WHAT TO WORK ON =>
In the listing below, find the line with "Samsung WA49B5205AW 4.9" and copy every line from there up to and including the line with "Luxury Alix Apartmán *", exactly and without pictures.
RECORDS SUPPLIED section start
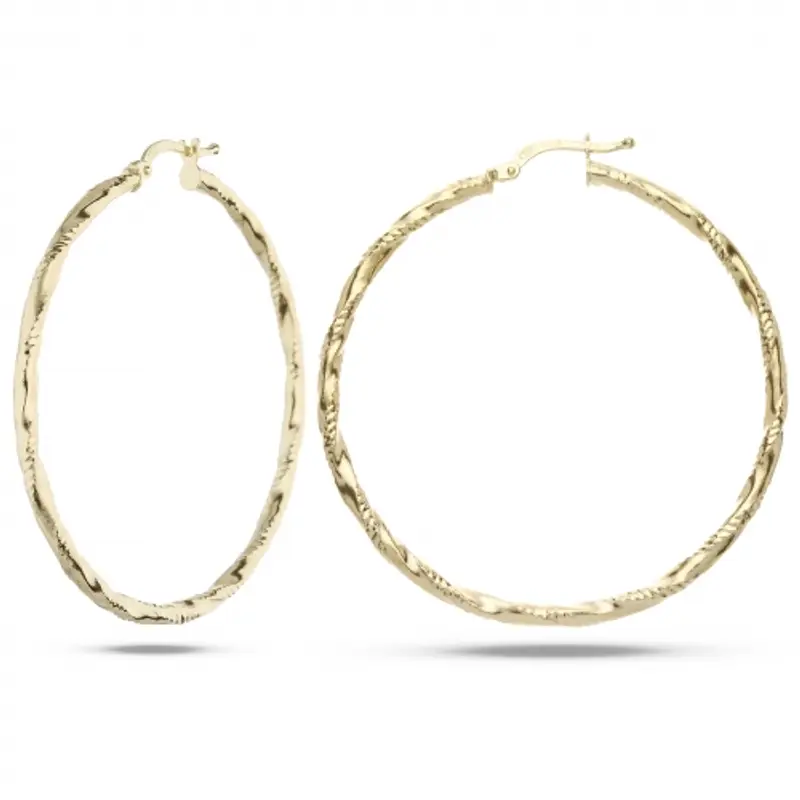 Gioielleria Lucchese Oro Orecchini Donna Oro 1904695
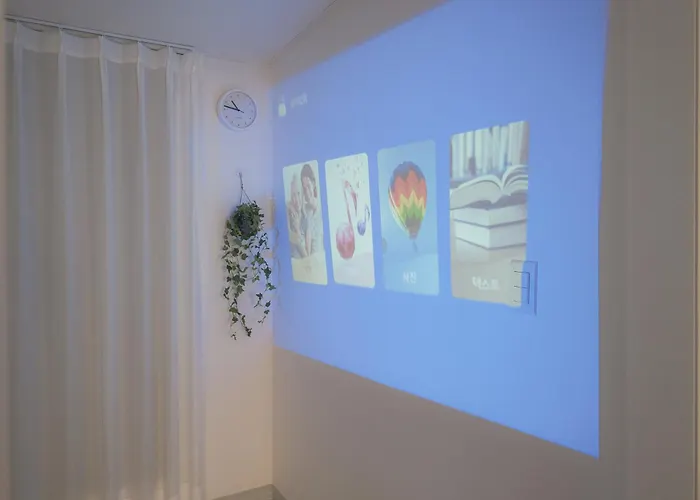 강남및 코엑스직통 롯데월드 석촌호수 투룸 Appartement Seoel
RECORDS SUPPLIED section end
RECORDS SUPPLIED section start
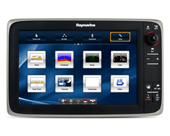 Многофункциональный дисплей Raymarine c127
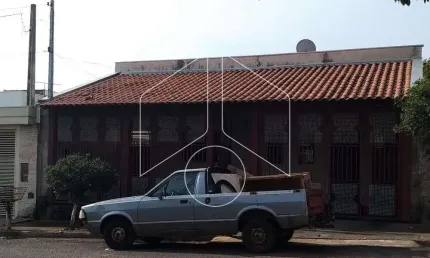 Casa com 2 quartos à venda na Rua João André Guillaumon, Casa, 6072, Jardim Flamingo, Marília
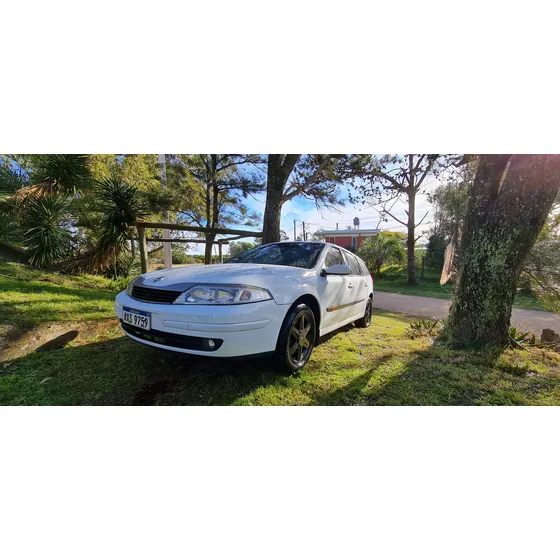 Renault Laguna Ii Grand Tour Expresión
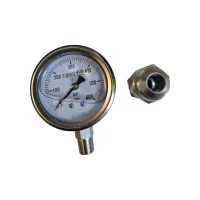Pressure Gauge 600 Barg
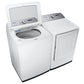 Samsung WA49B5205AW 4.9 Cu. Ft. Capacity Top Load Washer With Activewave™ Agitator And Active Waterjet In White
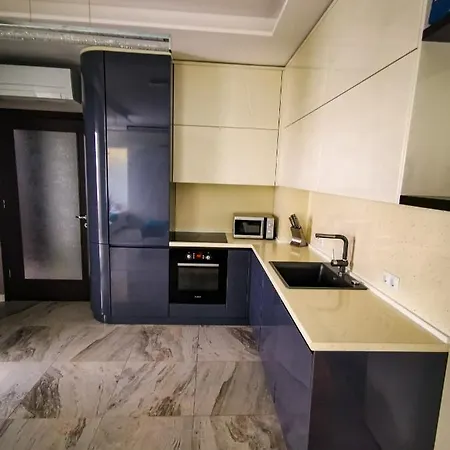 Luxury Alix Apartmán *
RECORDS SUPPLIED section end
RECORDS SUPPLIED section start
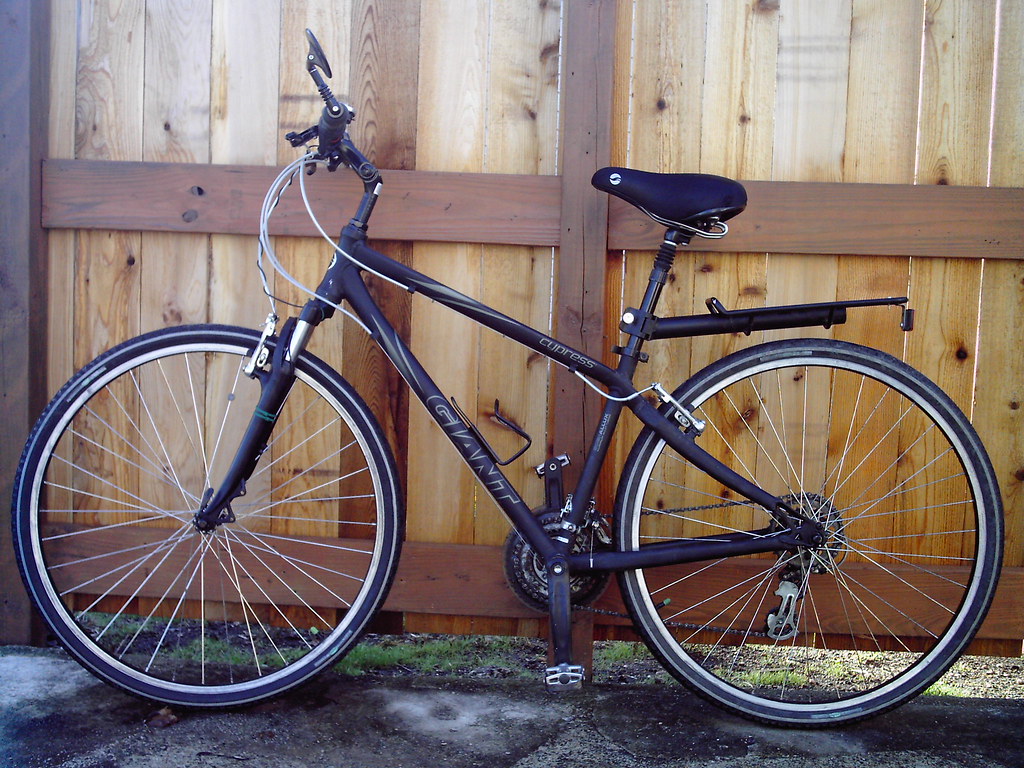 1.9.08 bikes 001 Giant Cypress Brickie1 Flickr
RECORDS SUPPLIED section end
RESPONSE TO THE EXERCISE =>
 Samsung WA49B5205AW 4.9 Cu. Ft. Capacity Top Load Washer With Activewave™ Agitator And Active Waterjet In White
 Luxury Alix Apartmán *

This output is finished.